South Korean Commandos Liberate Chemical Ship from Pirates

Public Domain US Navy image of the Republic of Korea ship King Sejong The Great.

Back on the 15th of January, the South Korean chemical carrier MV Samho Jewelry was hijacked by Somali pirates on the high seas while en route from the United Arab Emirates to Sri Lanka.

Yesterday, it was reported by the English-language edition of, and subsequently by the Associated Press and other sources, that on Friday South Korean commandos liberated the ship and freed all 21 crew members. Eight pirates were killed, and five captured. The captain of the vessel suffered a wound to his abdomen, but it was said to not be life-threatening.

The really interesting thing about this raid is not so much where it fits into the puzzle of Somali piracy, but how strongly the South Korean government has been to portray it as a demonstration. The Christian Science Monitor called this operation “a warning to North Korea in the headline of Donald Kirk’s article:

An exultant President Lee Myung-bak appeared across national television networks Friday praising the Navy commandos who rescued all 21 crew members of the South Korean-owned freighter while killing eight pirates and detaining three.

“Our military carried out the operation perfectly under difficult circumstances,” Mr. Lee said, adding: “We will not tolerate any behavior that threatens the lives and safety of our people in the future.”


As in many wars in previous centuries, the protection of shipping is a way for countries to flex their muscle and take postures of war, enforcing their will on the high sees as a way of saying “Don’t mess with me.”

Interestingly, of the 21 crew of the Samho Jewelry, only eight were from South Korea. Another 11 were from Myanmar (aka Burma), and 2 were from Indonesia.

Here’s more from the AP Article:

As dawn broke, South Korean commandos steered their boats to a hijacked freighter in the Arabian Sea. Under covering fire from a destroyer and a Lynx helicopter, they scrambled up ladders onto the ship, where Somali pirates were armed with assault rifles and anti-tank missiles.
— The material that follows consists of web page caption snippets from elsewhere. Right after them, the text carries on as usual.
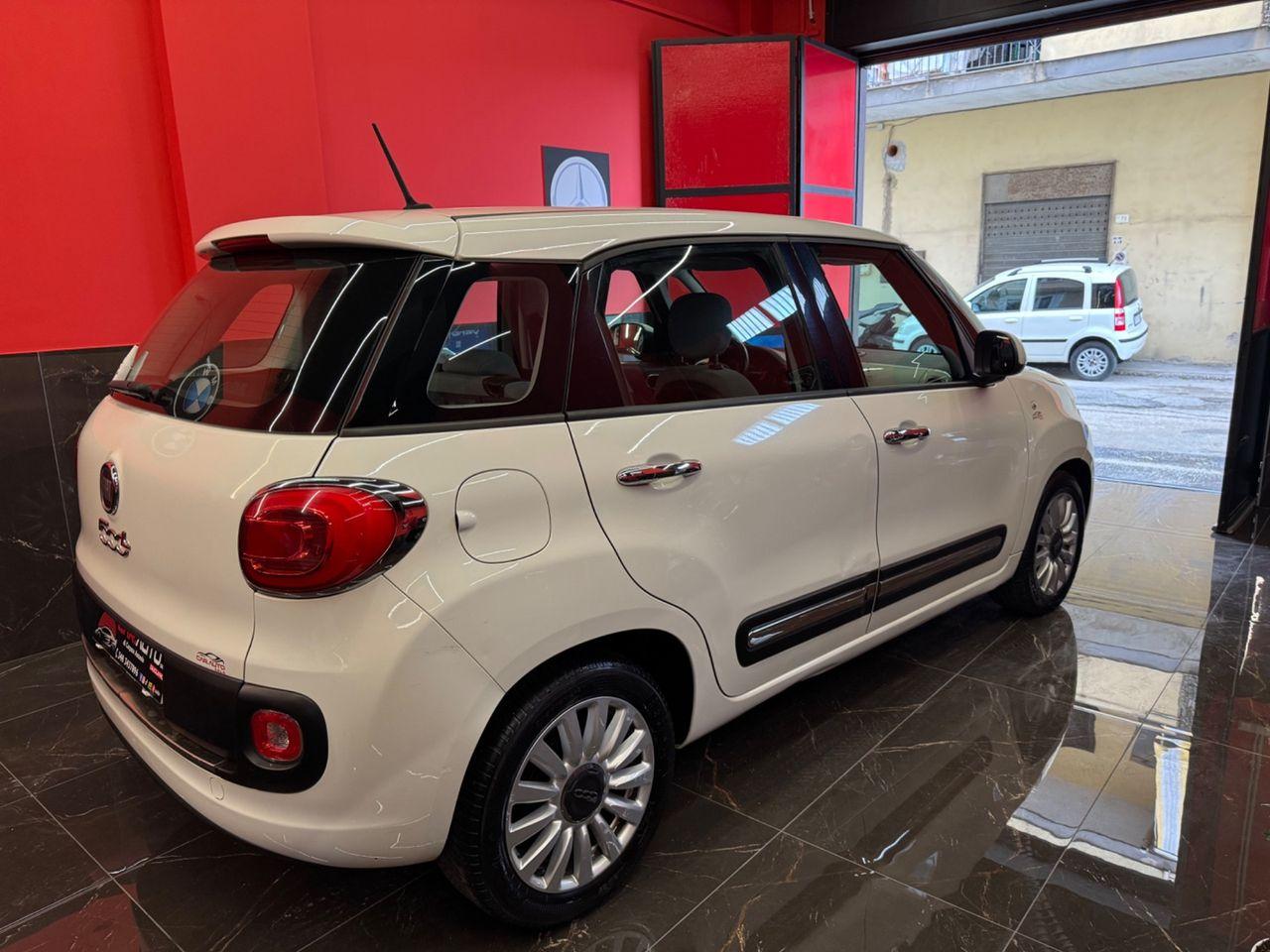 Fiat 500L 2015 — engine 1.248 cm³, 84 HP (62kW)
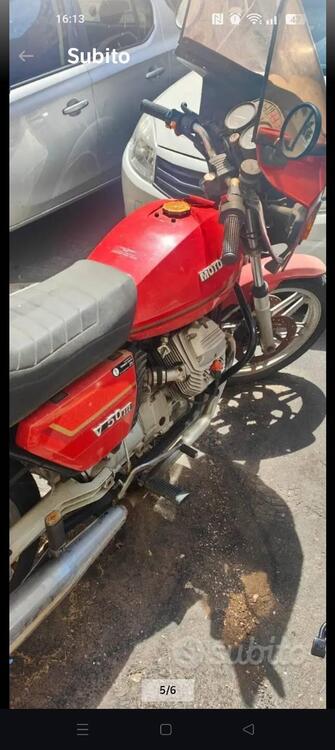 Moto Guzzi V 50 III (2)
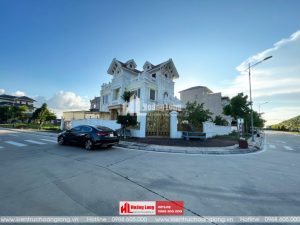 Mẫu Thiết Kế Biệt Thự Phong Cách Châu Âu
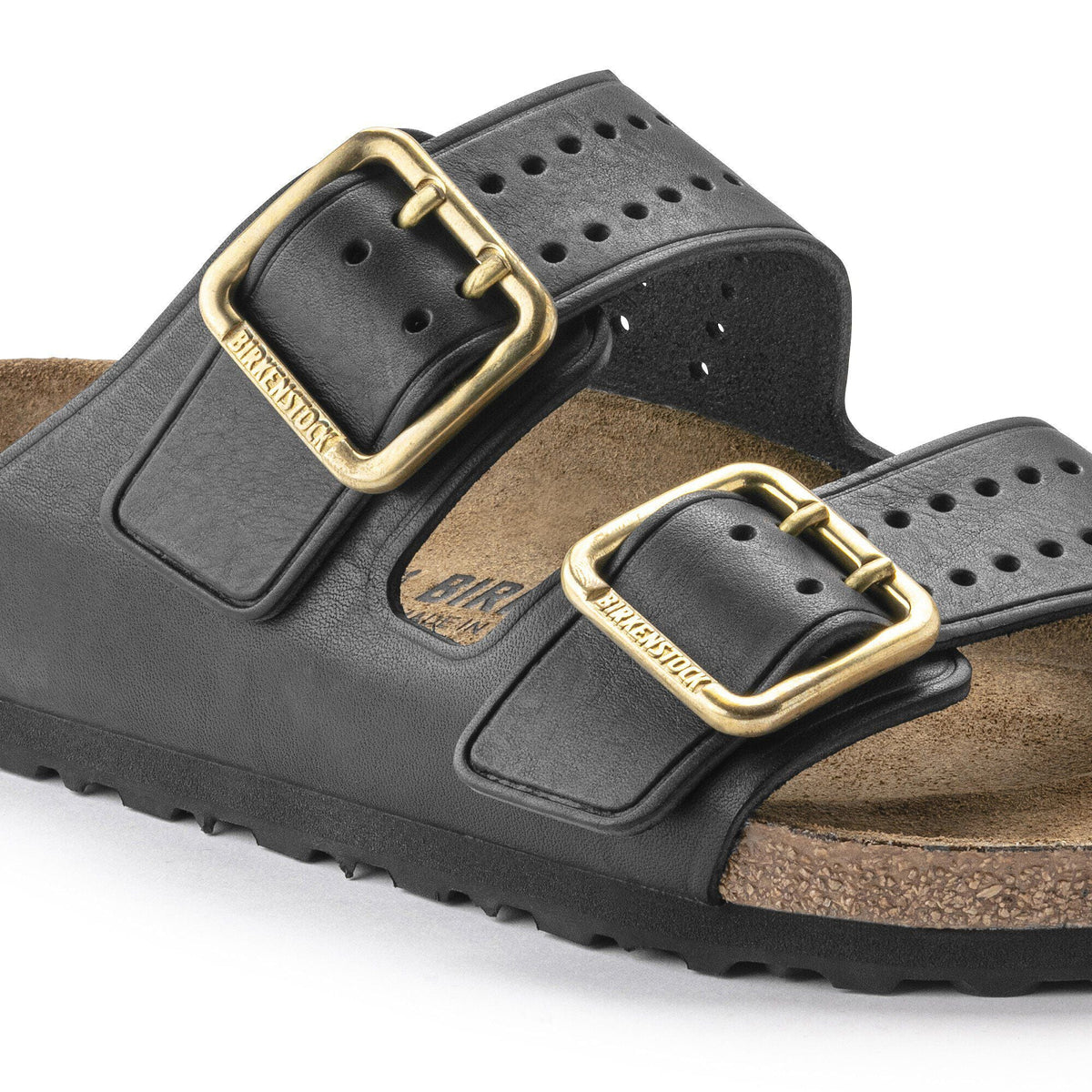 Arizona Bold Natural Leather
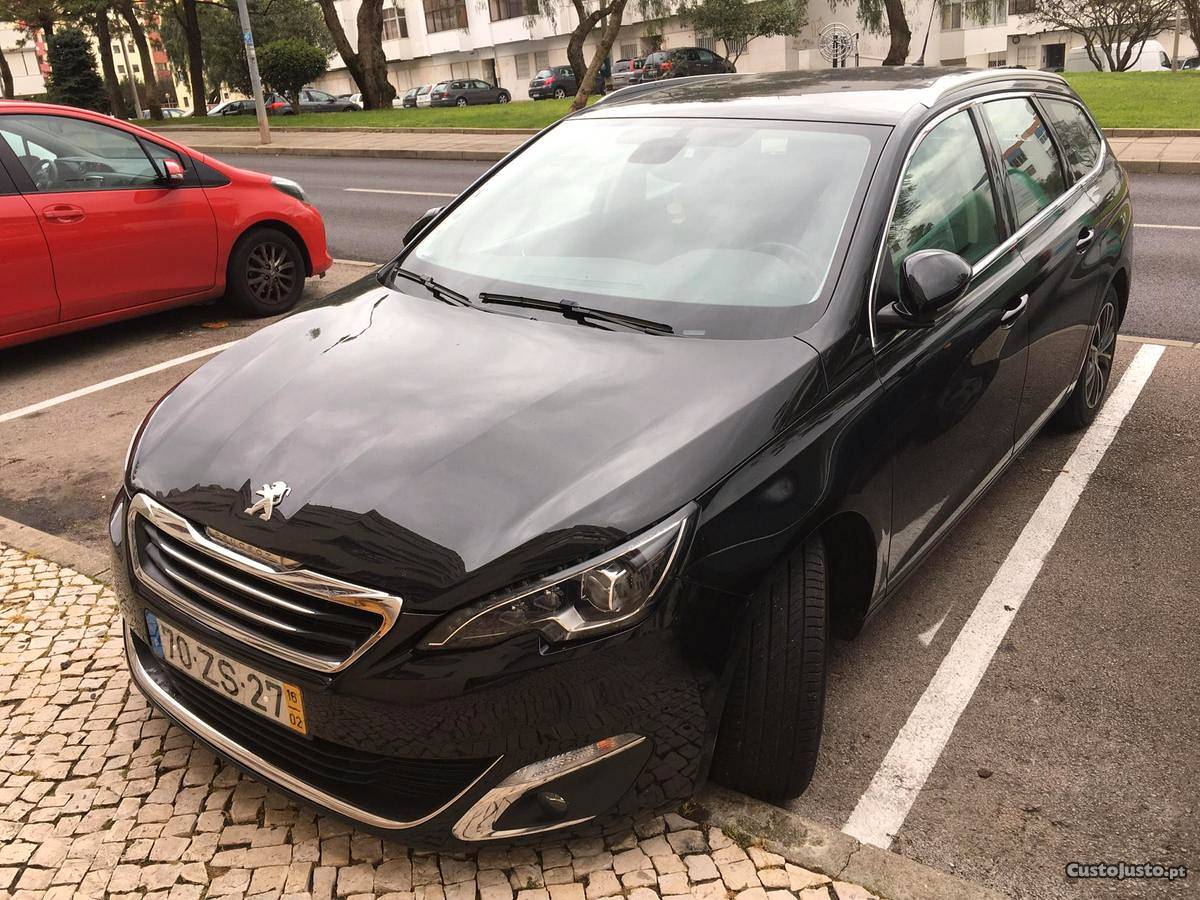 Peugeot 308 ALLURE Fevereiro/16 - à venda - Ligeiros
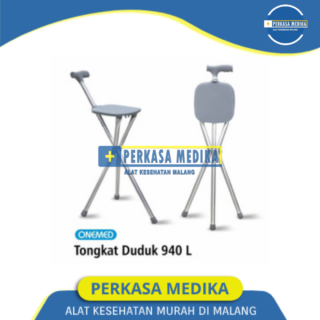 Tongkat Kursi Lipat Tongkat Orang Tua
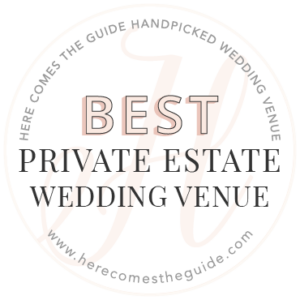 Best Private Estate Wedding Venue - Springton Manor Farm - Here Comes the Guide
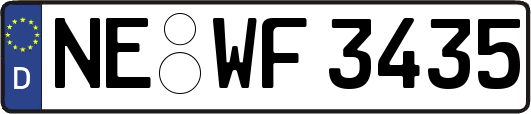 NE-WF3435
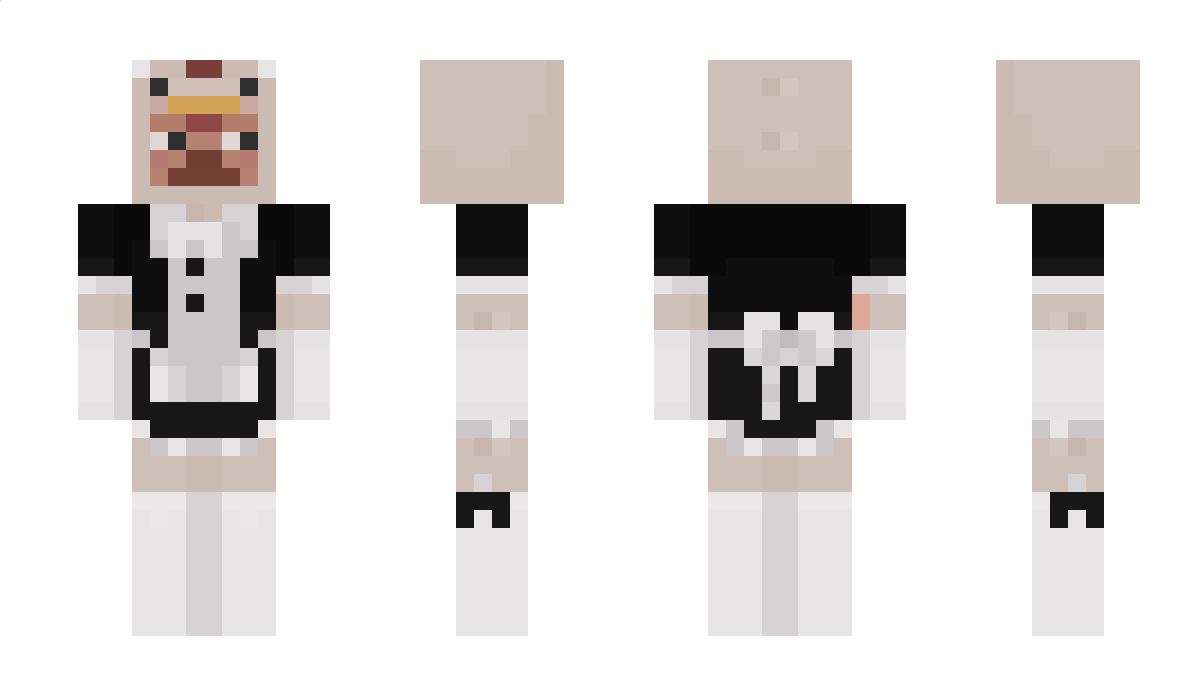 chciken Minecraft Skin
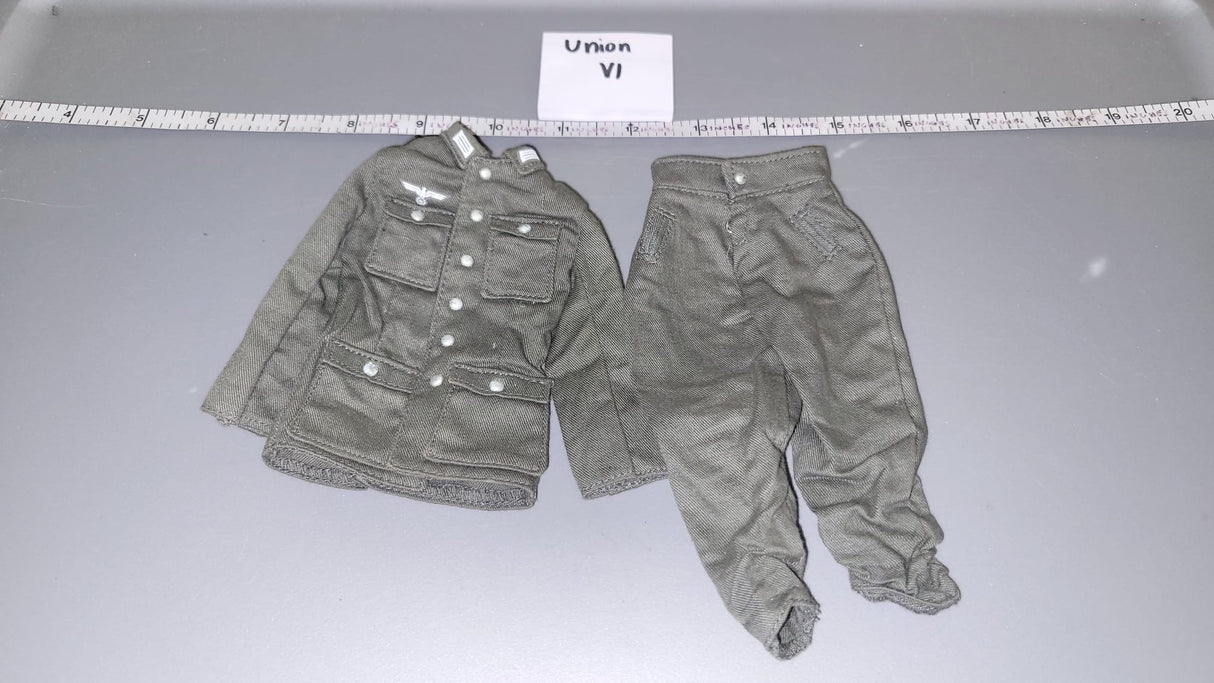 1/6 Scale WWII German Uniform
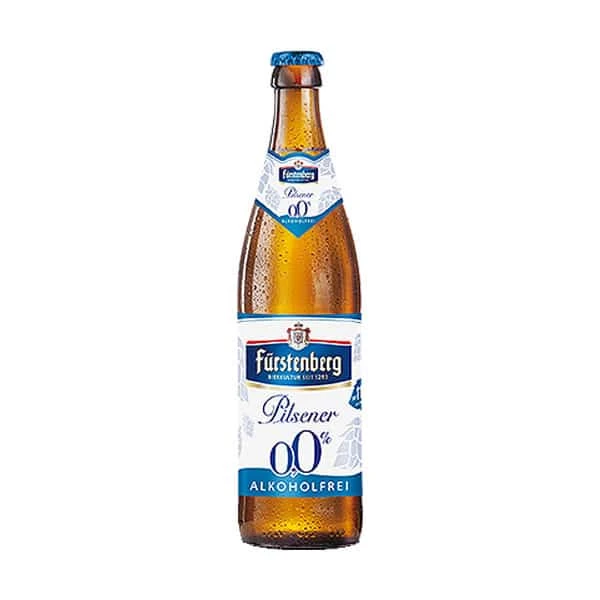 Furstenberg Frei - German Alcohol Free Lager 1 Furstenberg Frei - German Alcohol Free Lager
The helicopter broadcast warnings in Korean that a rescue operation had begun and told the crew members to lay down on the floor.

Then the commandos started shooting as the pirates fired at them.

Five hours after Friday’s risky rescue began, it was over.

All 21 hostages were freed from the gunfire-scarred freighter. Eight pirates were killed and five were captured in what President Lee Myung-bak called a “perfect operation.”


The article also draws connection between South Korea’s military operation in the Indian Ocean and its threats at home from North Korea, just like the Christian Science Monitor — though not at such length.

The successful raid also was a triumph for South Korea’s president and military. Both came under harsh criticism at home for being too slow and weak in the response to a North Korean attack in November on a South Korean island near disputed waters that killed two marines and two civilians.

…”This operation demonstrated our government’s strong will to never negotiate with pirates,” Gen. Lee said.

The Bahrain-based U.S. 5th Fleet said the U.S. Navy was aware of the rescue, but referred all other questions to South Korea.